Like moving the turntable in Hicks, or opening the closed wallet in Rivera-Padilla, scanning a magnetic stripe on the back of a card “expose[s] to view concealed portions of the [item] or its contents” and is therefore a search.
Second, you might ask, why does it matter? It might seem like this is a really minor question. But I think there’s an important concept in play, and it’s a concept that has come up in a lot of recent cases. I’m thinking of the cases from the Playpen litigation on whether accessing an IP address in a target computer is a search, as well as the recent Georgia case on whether calling 911 from a locked phone is a search. In all of these cases, the government forced information stored from inside an electronic storage device owned by the defendant and brought that information into the government’s possession. In all of the cases, the information was pretty limited, and in all of the cases the courts had to consider whether forcing the revealing of the information was a search.

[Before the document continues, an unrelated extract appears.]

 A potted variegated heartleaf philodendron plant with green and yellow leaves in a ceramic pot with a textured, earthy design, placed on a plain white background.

A surprising number of courts have said these acts are not searches because they have wrongly focused on the nature of the information obtained rather than how it was obtained. That is leading courts to say that accessing only limited information from inside an electronic storage device is not a search at all. According to these decisions, only retrieving a lot of or particularly important information qualifies as a search.
Not so. As I explained in this 2005 article, I think this is a classic Fourth Amendment search: It’s forcibly exposing information from inside a person’s Fourth Amendment effects, which is as core of a search as you can get. There are some limited contexts where the nature of the information is relevant to the search analysis, but the usual rule, as seen in Hicks, is that the kind or amount of information obtained is irrelevant. The Fourth Amendment protects all “effects” from searches, and there is no de minimis doctrine where breaking in just to get a few small things does not constitute a search.

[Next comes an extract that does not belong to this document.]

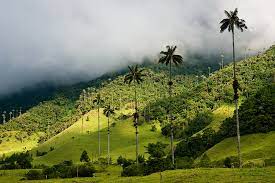 Turismo en Colombia » Zona Cafetera en colombia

Having such a bright-line rule matters, among other reasons, because the bright line keeps courts from eroding Fourth Amendment protections. If a little bit of a search is not a search at all, then courts have the discretion in individual cases to say that this particular case involves so little information that it’s not a search. Because most Fourth Amendment litigation involves the exclusionary rule, and most judges are very reluctant to exclude evidence, such a case-by-case standard puts pressure on courts to take expansive views of the de minimis exception. Maintaining Fourth Amendment protections requires a bright-line rule, and under that bright line rule every compelled access into a suspect’s electronic storage device should be a search.
With three circuits ruling on the question in just the last eighteen months, and with all of them holding that scanning isn’t a Fourth Amendment search, I suspect we’ll see more cases soon from other circuits that will grapple with the same question. Perhaps a circuit split will surface down the road.
As always, stay tuned.
UPDATE: A quick search of the Westlaw “cta-briefs” database suggests that the issue is pending before the First Circuit in United States v. Hillaire, No. 15-1692 (appellant’s brief filed June 20, 2016).